GIVEN DATA:

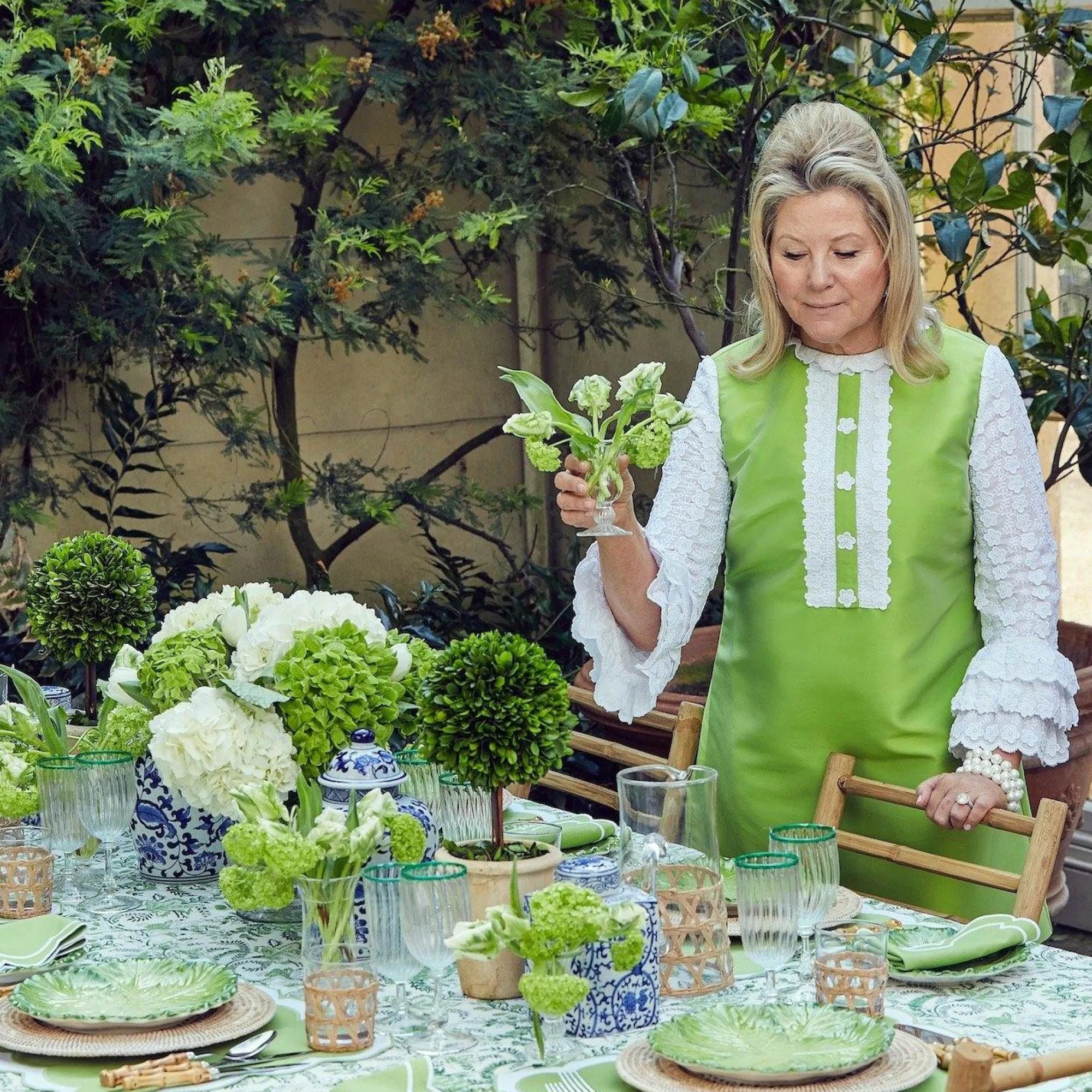 serena_applique_green_pla_25.webp Outlet Serena Applique Green Placemats & Napkins (Set Of 4) Table Linen Sets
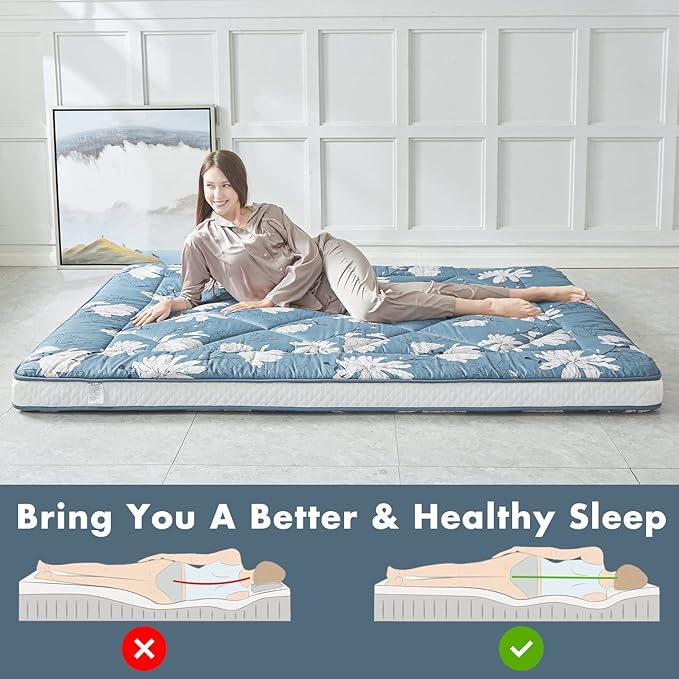 Japanese Twin Foldable & Portable Roll up Camping Mattress, Thicken Sleeping Mattress with Flower Pattern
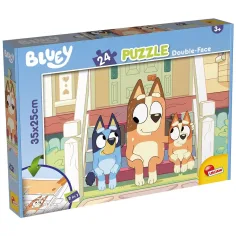 Bluey perritos en la escalera 2 en 1 rompecabezas y colorear 24 piezas - Lisciani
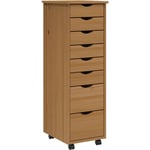 Vidaxl - Armoire roulante avec tiroirs moss bois de pin marron miel Honey brown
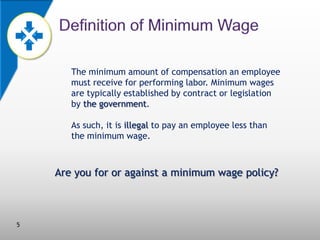 The minimum amount of compensation an employee
must receive for performing labor. Minimum wages
are typically established by contract or legislation
by the government.
As such, it is illegal to pay an employee less than
the minimum wage.

Are you for or against a minimum wage policy?

5

 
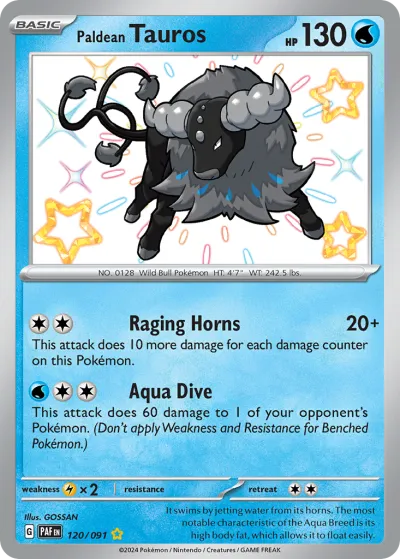120 Paldean Tauros Paldean Fates 2024 120 Paldean Tauros Paldean Fates 2024
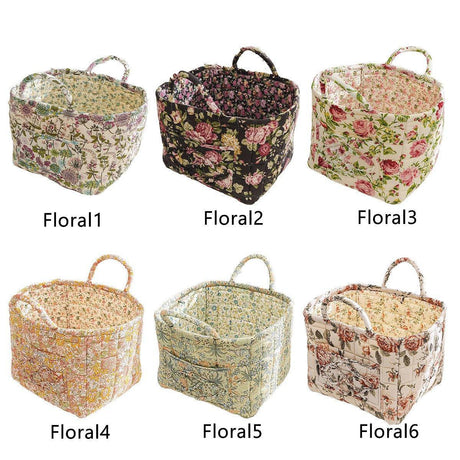 Portable Fabric Storage Basket Korean Pastoral Style Organizer for Home Sundries - Floral2
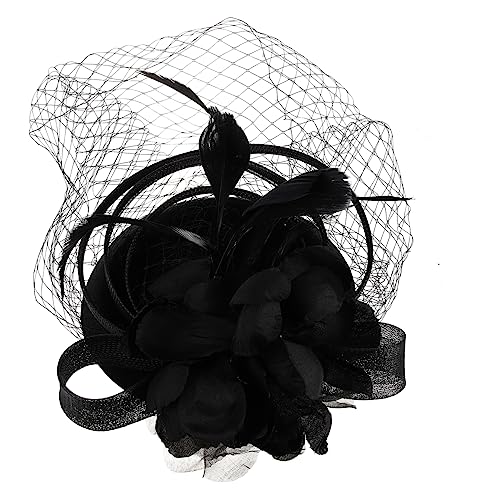 SAFIGLE Hut Stirnband Braut Gesicht Schleier Stirnbänder Mesh Spitze Stirnband Teeparty Hut Braut Kopfschmuck Hochzeit Retro Haarbänder Frauen Kopfschmuck Hüte von SAFIGLE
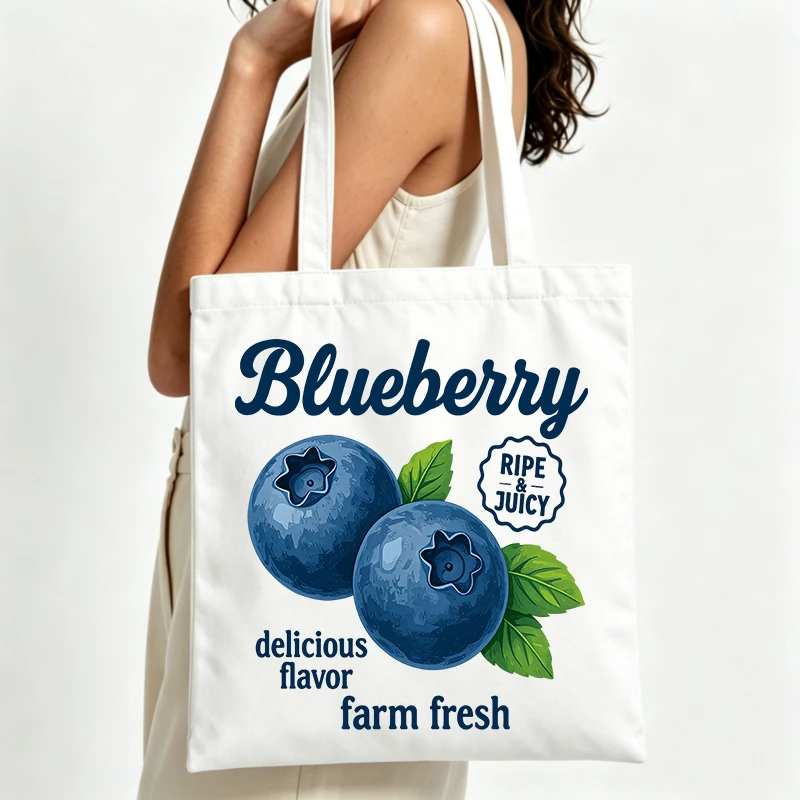 blueberry fruit graphic canvas tote bag, casual style for daily shopping and summer outings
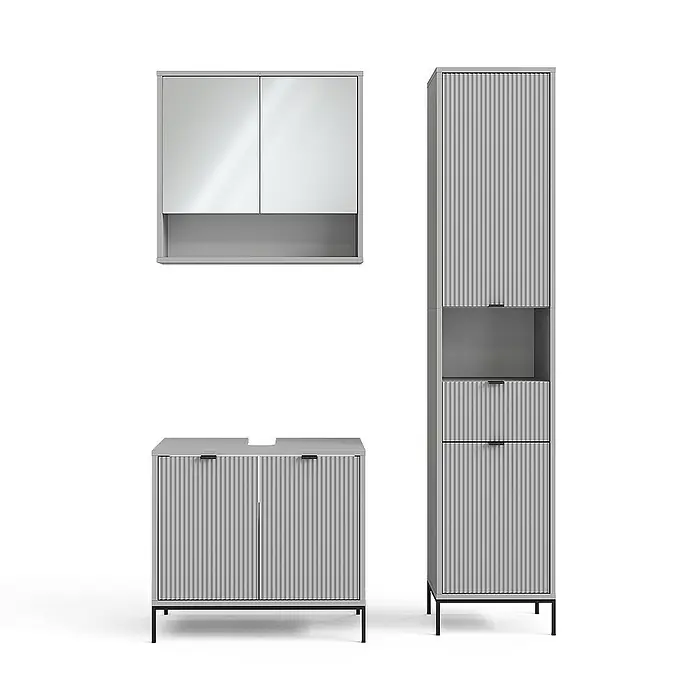 Vicco Badmöbel-Set Eliza Grau 3 Teile, mit Hochschrank - Gesamtbreite Badmöbel: 110 cm, Grau, Matt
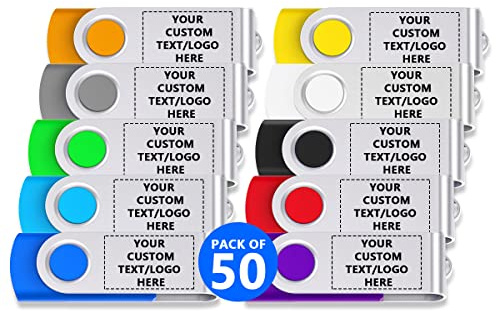 Paintechz Twister USB-Stick Personalisiert 50 Stück, Individualisiert Logo Druck- als Firmengeschenke und Werbegeschenke - 2GB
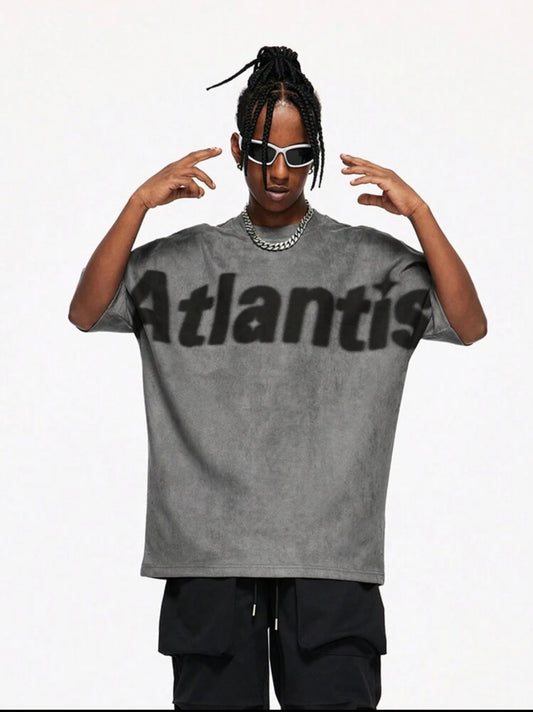 Men Grey Atlantis Suede T-Shirt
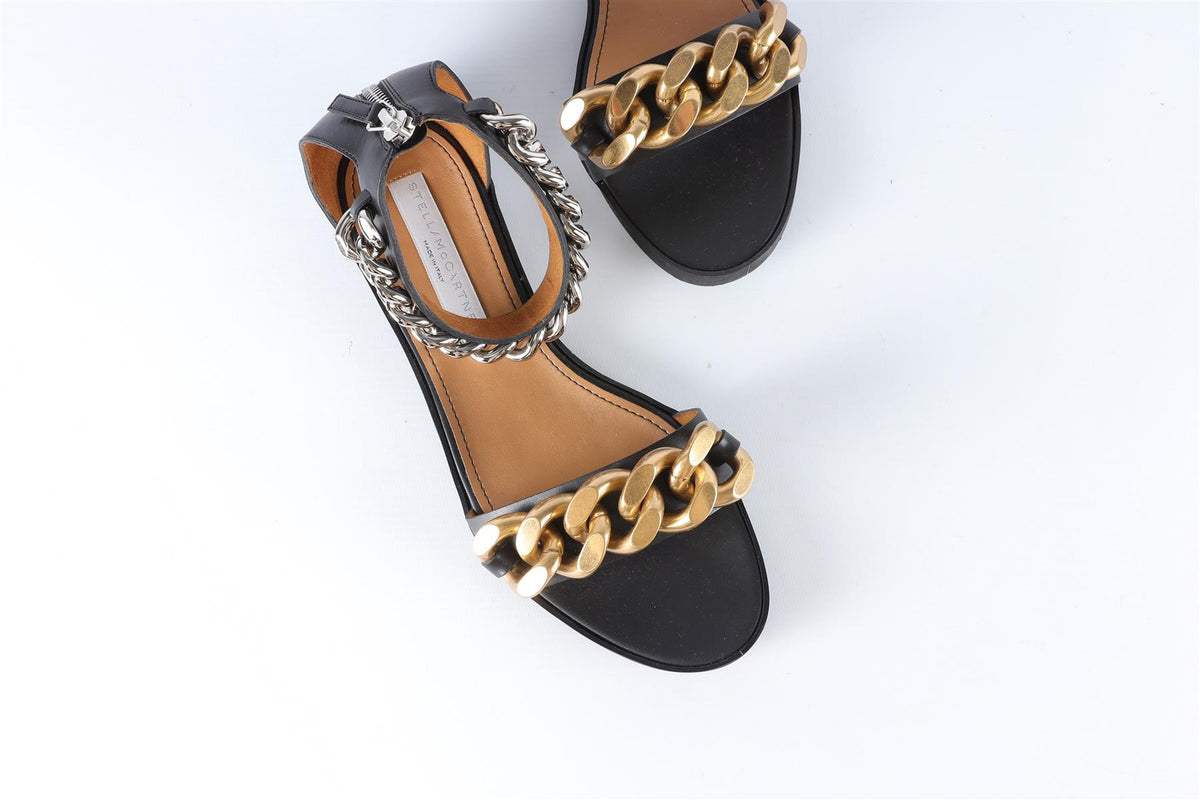 STELLA MCCARTNEY BLACK FAUX LEATHER SANDALS EU 38 UK 5 US 8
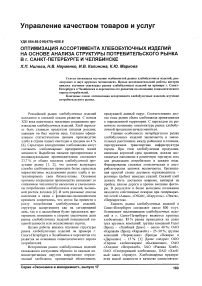 Оптимизация ассортимента хлебобулочных изделий на основе анализа структуры потребительского рынка в г. Санкт-Петербурге и Челябинске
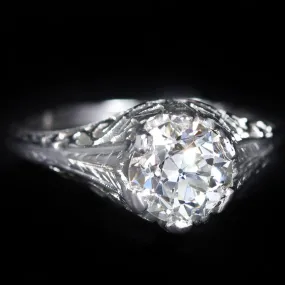Art Deco Belais 1.57 Carat Old European Cut Diamond Engagement Ring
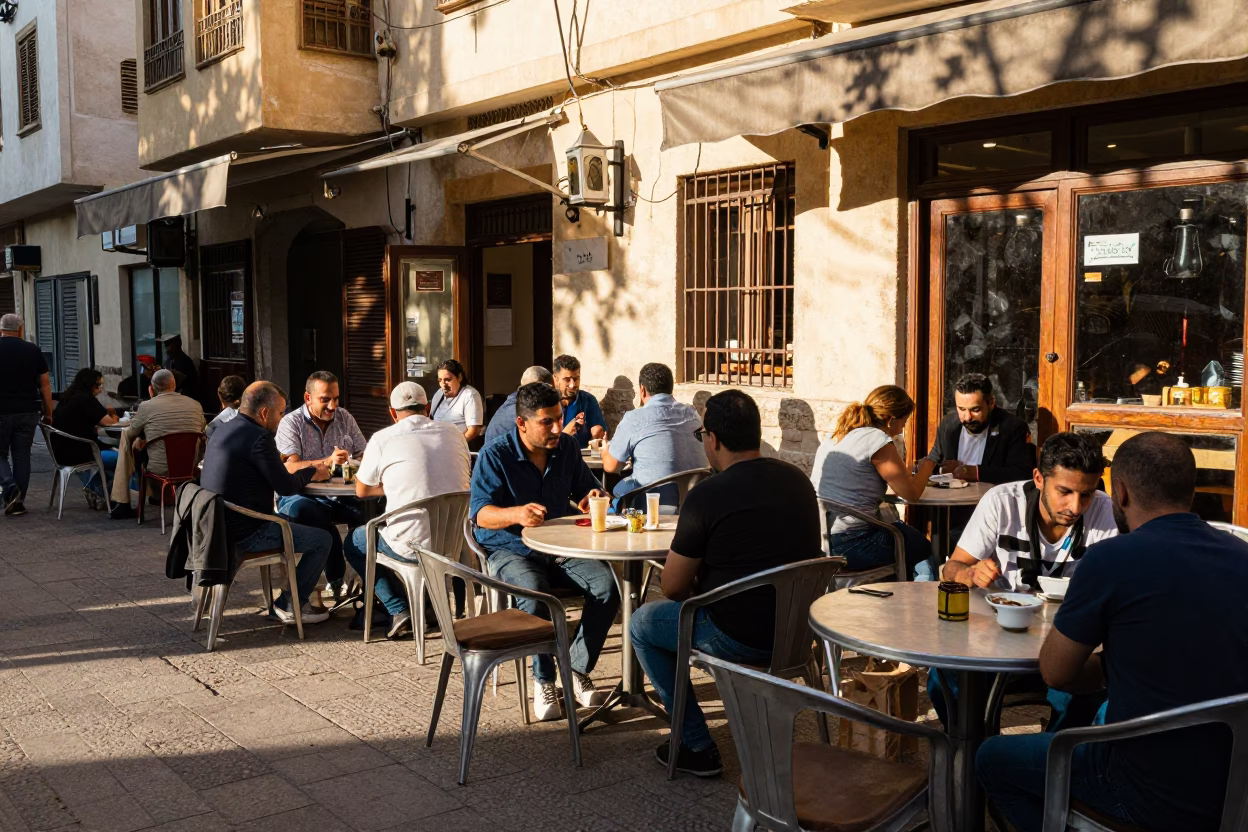 Cafe Scene in Alexandria at The Early Afternoon Light in in Alexandria, Egypt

EXERCISE DIRECTIONS:
This task asks for the data above repeated exactly, without a single picture.

REPLY TO THE EXERCISE:
 serena_applique_green_pla_25.webp Outlet Serena Applique Green Placemats & Napkins (Set Of 4) Table Linen Sets
 Japanese Twin Foldable & Portable Roll up Camping Mattress, Thicken Sleeping Mattress with Flower Pattern
 Bluey perritos en la escalera 2 en 1 rompecabezas y colorear 24 piezas - Lisciani
 Vidaxl - Armoire roulante avec tiroirs moss bois de pin marron miel Honey brown
 The minimum amount of compensation an employee
must receive for performing labor. Minimum wages
are typically established by contract or legislation
by the government.
As such, it is illegal to pay an employee less than
the minimum wage.

Are you for or against a minimum wage policy?

5

 
120 Paldean Tauros Paldean Fates 2024 120 Paldean Tauros Paldean Fates 2024
 Portable Fabric Storage Basket Korean Pastoral Style Organizer for Home Sundries - Floral2
 SAFIGLE Hut Stirnband Braut Gesicht Schleier Stirnbänder Mesh Spitze Stirnband Teeparty Hut Braut Kopfschmuck Hochzeit Retro Haarbänder Frauen Kopfschmuck Hüte von SAFIGLE
 blueberry fruit graphic canvas tote bag, casual style for daily shopping and summer outings
 Vicco Badmöbel-Set Eliza Grau 3 Teile, mit Hochschrank - Gesamtbreite Badmöbel: 110 cm, Grau, Matt
 Paintechz Twister USB-Stick Personalisiert 50 Stück, Individualisiert Logo Druck- als Firmengeschenke und Werbegeschenke - 2GB
 Men Grey Atlantis Suede T-Shirt
 STELLA MCCARTNEY BLACK FAUX LEATHER SANDALS EU 38 UK 5 US 8
 Оптимизация ассортимента хлебобулочных изделий на основе анализа структуры потребительского рынка в г. Санкт-Петербурге и Челябинске
Art Deco Belais 1.57 Carat Old European Cut Diamond Engagement Ring
 Cafe Scene in Alexandria at The Early Afternoon Light in in Alexandria, Egypt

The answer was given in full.